Until now, we have used the Windows internal file search (aka “Indexing options”) and this worked OK and found all files without problems. Now a new universal search is rolled out, which means all file servers will be remotely scanned by the crawler using the user DaCrawler. No local crawler will be installed on the file server.
The crawler connects with a given user to our file server and needs read-only access to all files and folders for the shares we have created. However, there are about 350k folders with 2,7M files just on our main server and a lot of custom DACLs are in place. Especially, there is no root DACL in place that applies to all folders or files.

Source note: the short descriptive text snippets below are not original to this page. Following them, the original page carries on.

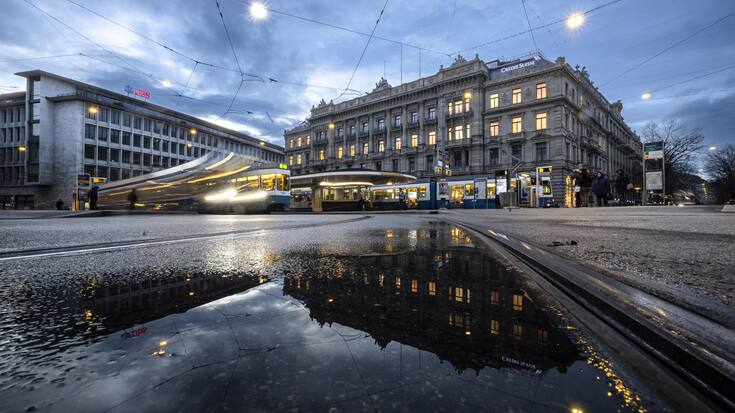 A general view shows the headquarters of the Swiss banks Credit Suisse, right, and UBS, left, at Paradeplatz in Zurich, Switzerland on Sunday March 19, 2023. (KEYSTONE/Michael Buholzer).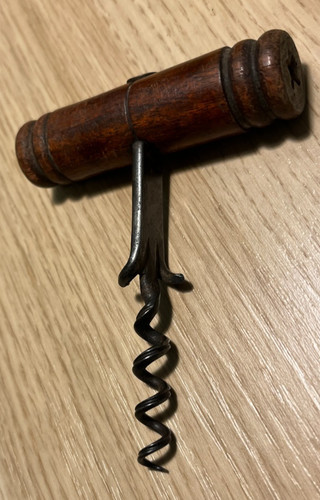 Straight pull corkscrew - corkscrew, by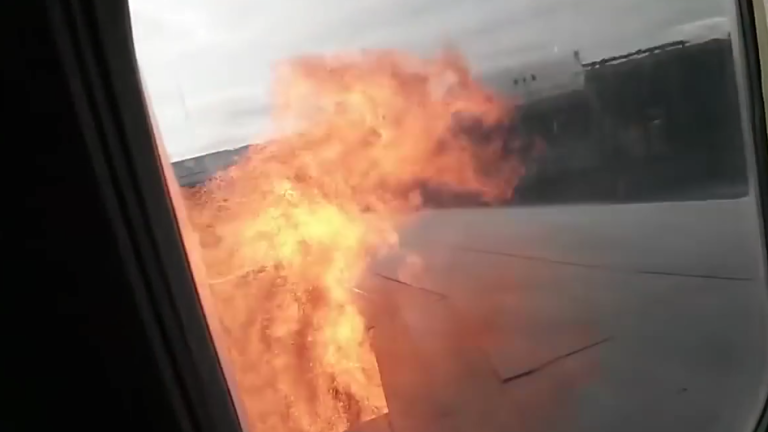 Il filme le réacteur de son avion prendre feu au décollage !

The only idea I have to so far is to give the DaCrawler read-only access by using SetACL and add it to each any every DACL that might exist (I ignore ICACLS because I think SetACL is easier to use).
First, I set the DACL of all folders to include READ_EX permissions for DaCrawler
SetACL -on C:\Test -ot file -actn ace -ace "n:ACME\DaCrawler;p:read_ex;i:so,sc;m:grant" -rec cont
This works fine, and no explicit permissions are created if they are not necessary:
If there are files with explicit permissions, their DACL is not changed so I repeat the command, this time for files only:
SetACL -on C:\Test -ot file -actn ace -ace "n:ACME\DaCrawler;p:read_ex;i:so,sc;m:grant" -rec obj
However, this causes SetACL to create explicit permissions for each and every file even if the file did not have a explicit permission before and the folder permission would be enough:
This means, I can either decide to apply the changes only to folders which might make some files inaccessible to the crawler, or create 2,7M explicit permissions.
Is there are better way to do this? Is my approach with changing the DACLs wrong and a more efficient way exist?